A small intimate admission from both of us to you: sometimes we imagine being able to talk to great great great great great whoever – master and slave – and showing them our life together. One of us says “What do you think?” while the other one says “Take that, you evil old bastard!”

Reading the February 3, 1840 edition of the “Barbados Globe and Colonial Advocate” put me in the same mood – wondering about the people who placed the adverts, wrote the stories, and sailed on the sugar ships. What would they think of Barbados now? What would they think about Shona and me and our son?

What will our descendants (God willing) think upon reading today’s Nation News or Barbados Advocate 167 years from now?

If you enjoy history, you will enjoy a visit to CanDoo.Com

Old Barbados newspaper samples can be found here.

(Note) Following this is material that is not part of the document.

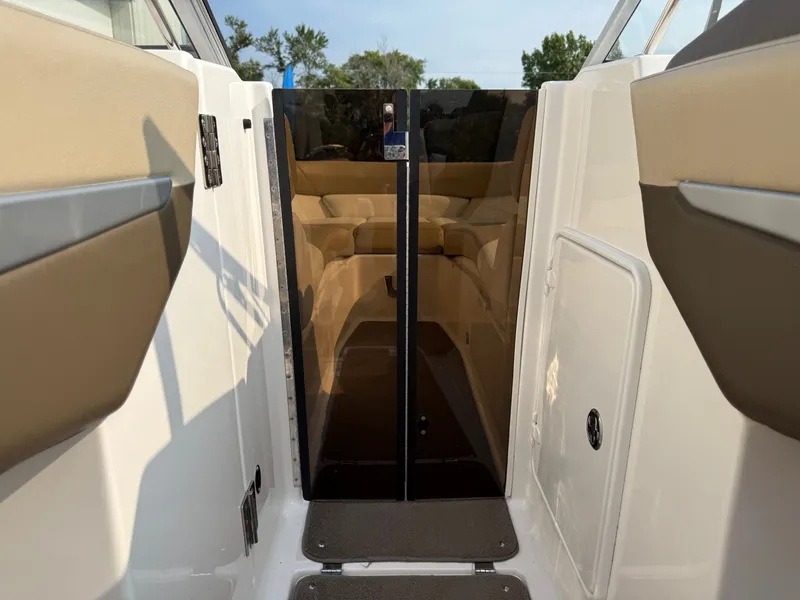 Slide: The Image of 2012 Regal 2700 Bowrider interior with glass door and beige seating. - 17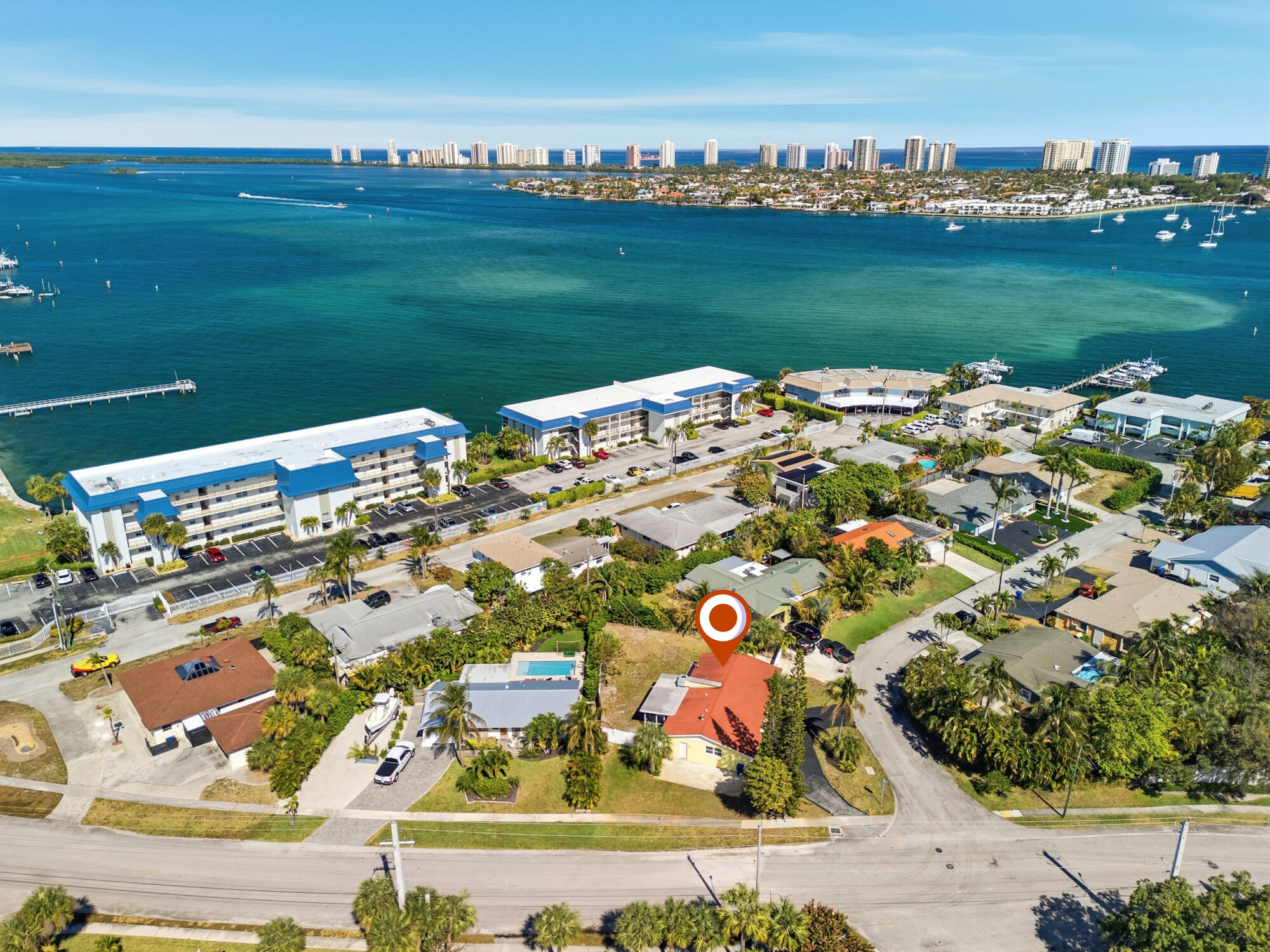301 Wilma Circle Riviera Beach, FL 33404 - Photo 23 of 35 a view of a lake with a big yard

Filed under Barbados, Culture & Race Issues, History, News Media

12 responses to “Old Barbados Newspapers Are A Treasure Of History

  1. Pat

    The publisher is a Barbadian who now lives in Canada. I think he was an airline pilot for LIAT and worked in several aviation positions. I think he is now retired and this is a pet project. He has been flogging some on the Barbados Forum. I find his Oliver collection extremely expensive. All he is doing is republishing the man’s diaries. But at such a price? I would like to know if he is paying royalties to the family or if he got permission to pubish same.

  2. John


    I think copyright expires 50 years after the authors death … not sure exactly the number of years.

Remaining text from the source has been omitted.